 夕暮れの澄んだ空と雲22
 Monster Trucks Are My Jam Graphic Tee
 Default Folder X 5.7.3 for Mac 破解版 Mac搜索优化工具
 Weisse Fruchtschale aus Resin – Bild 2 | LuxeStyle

____

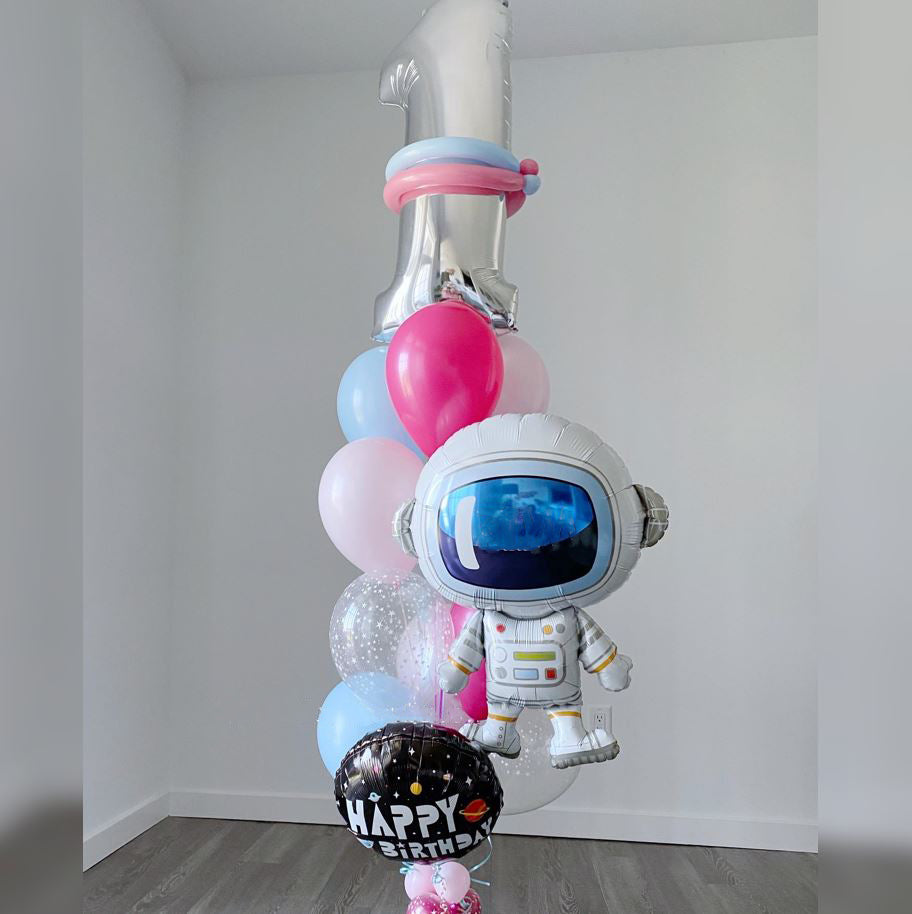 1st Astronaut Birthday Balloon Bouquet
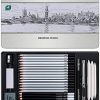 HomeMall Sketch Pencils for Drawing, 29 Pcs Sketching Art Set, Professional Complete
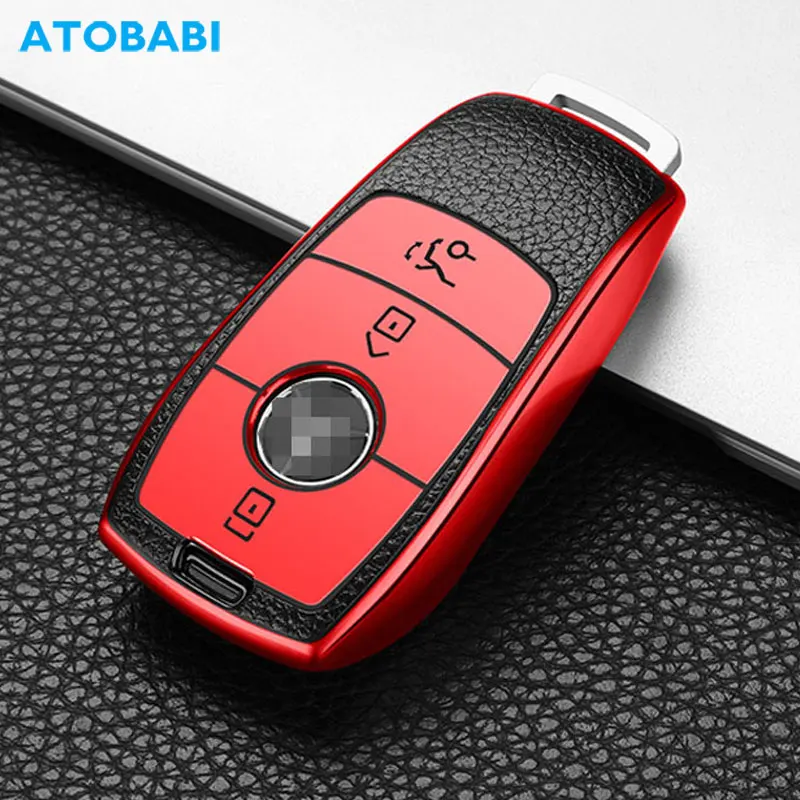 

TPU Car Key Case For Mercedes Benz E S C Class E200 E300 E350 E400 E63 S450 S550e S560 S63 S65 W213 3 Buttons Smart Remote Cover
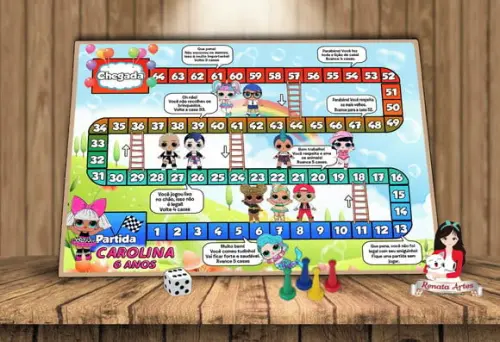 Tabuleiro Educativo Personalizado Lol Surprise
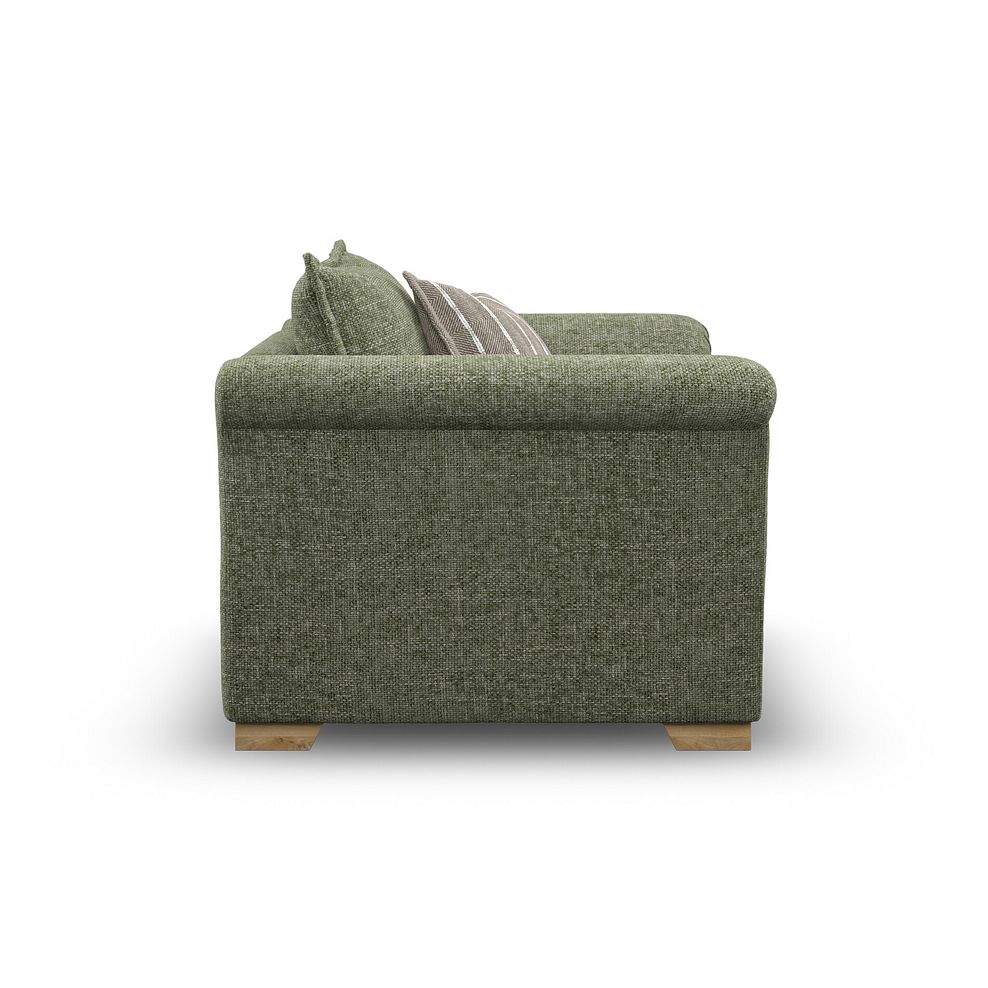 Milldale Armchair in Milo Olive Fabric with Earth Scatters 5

____

### [Directions]
Beginning at the line above with "夕暮れの澄んだ空と雲22" and finishing at the line with "Weisse Fruchtschale aus", return each line exactly and return nothing else.

### [Your response]
 夕暮れの澄んだ空と雲22
 Monster Trucks Are My Jam Graphic Tee
 Default Folder X 5.7.3 for Mac 破解版 Mac搜索优化工具
 Weisse Fruchtschale aus Resin – Bild 2 | LuxeStyle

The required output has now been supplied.